_What the exercise asks_:
Transcribe the entries below exactly, starting with the line that has "18K Gold Moissanite Engagement Ring" and stopping after the line that has "Real Eggshell Eggs"; no pictures belong in the copy.

_Source information_:
______

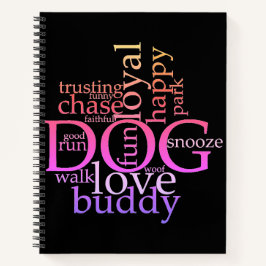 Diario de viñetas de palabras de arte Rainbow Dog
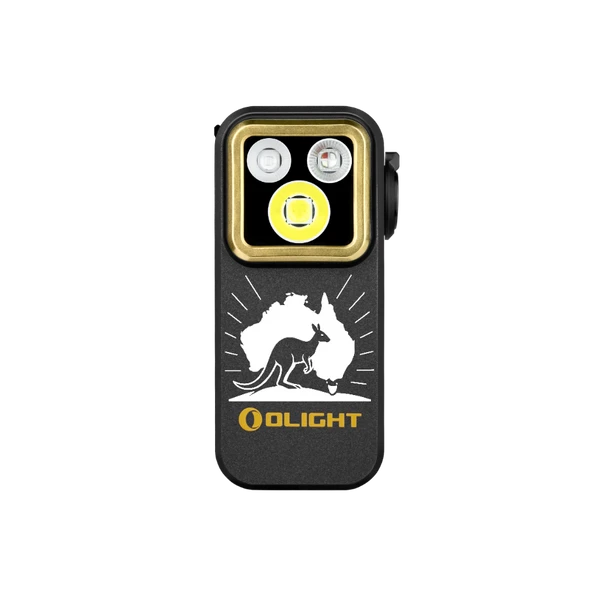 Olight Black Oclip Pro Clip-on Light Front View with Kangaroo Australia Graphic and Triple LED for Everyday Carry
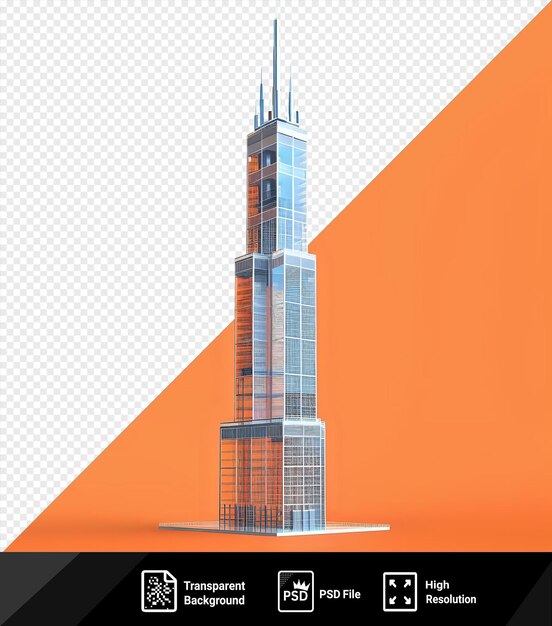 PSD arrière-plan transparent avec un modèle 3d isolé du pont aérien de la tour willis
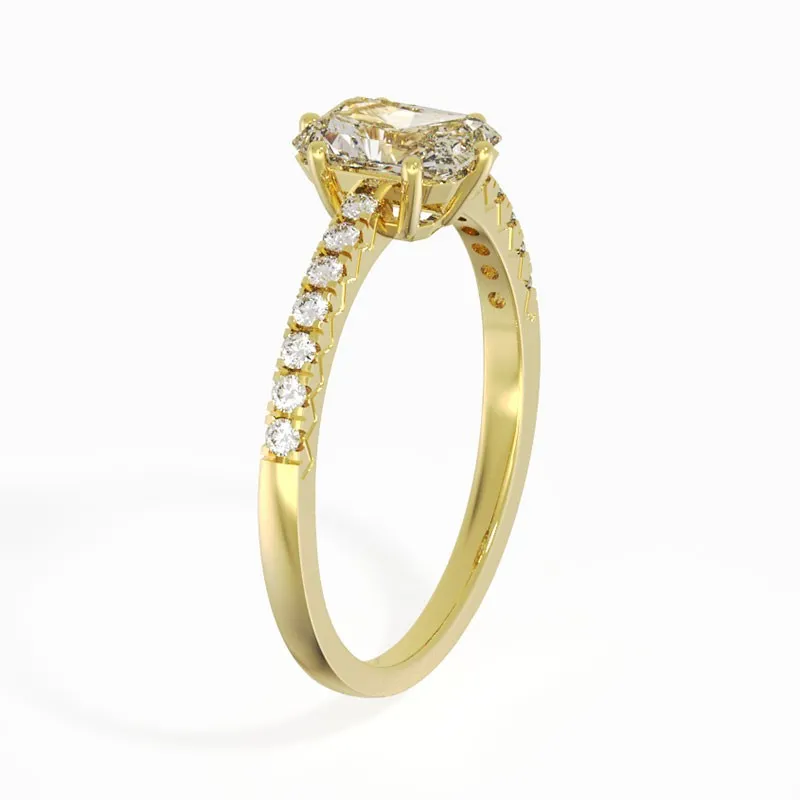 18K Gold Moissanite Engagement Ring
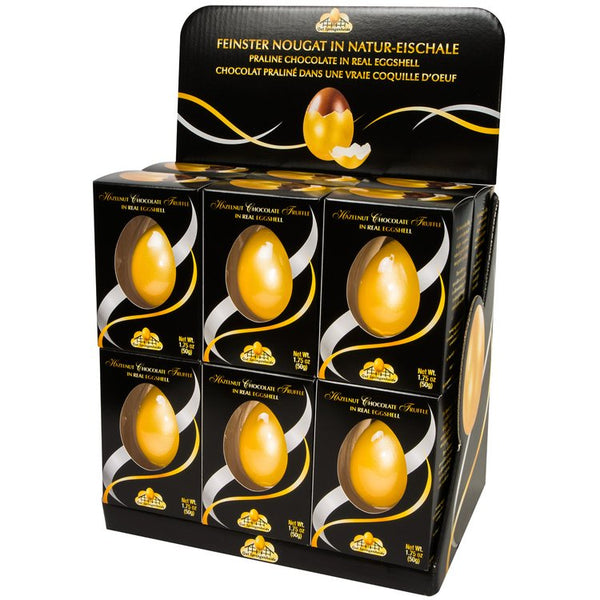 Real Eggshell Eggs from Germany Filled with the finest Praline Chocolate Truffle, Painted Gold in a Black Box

______

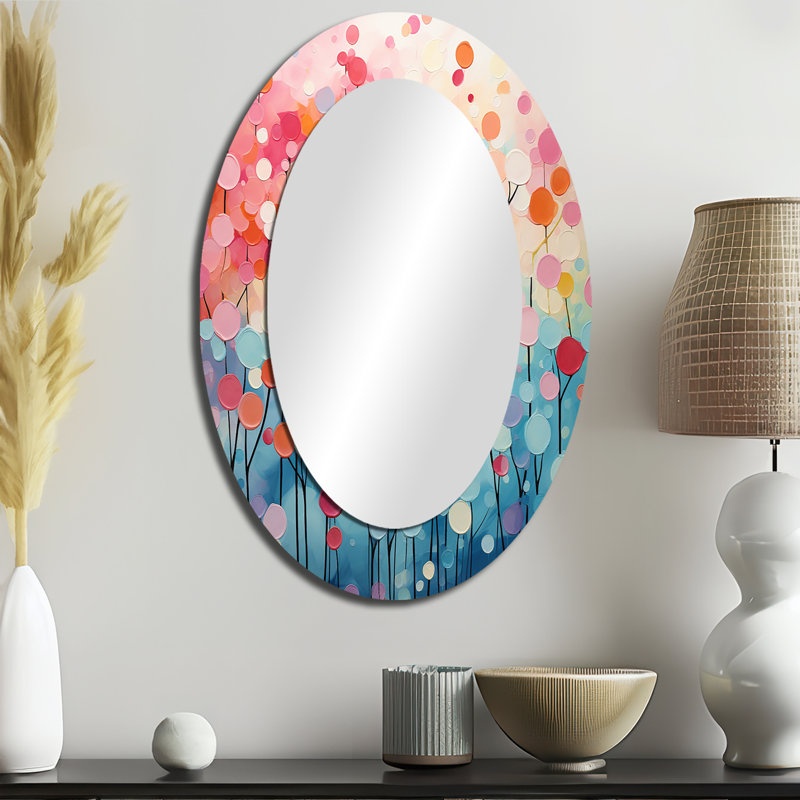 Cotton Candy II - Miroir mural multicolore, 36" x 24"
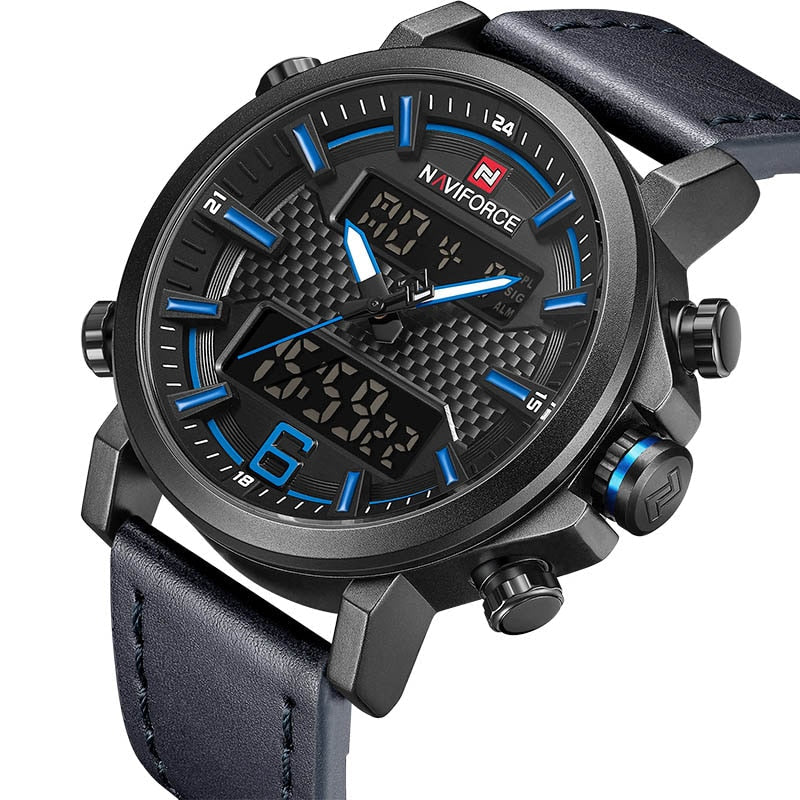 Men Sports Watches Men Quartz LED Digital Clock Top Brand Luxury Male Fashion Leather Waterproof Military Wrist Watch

______

_Answer for the task_:
 18K Gold Moissanite Engagement Ring
 Real Eggshell Eggs from Germany Filled with the finest Praline Chocolate Truffle, Painted Gold in a Black Box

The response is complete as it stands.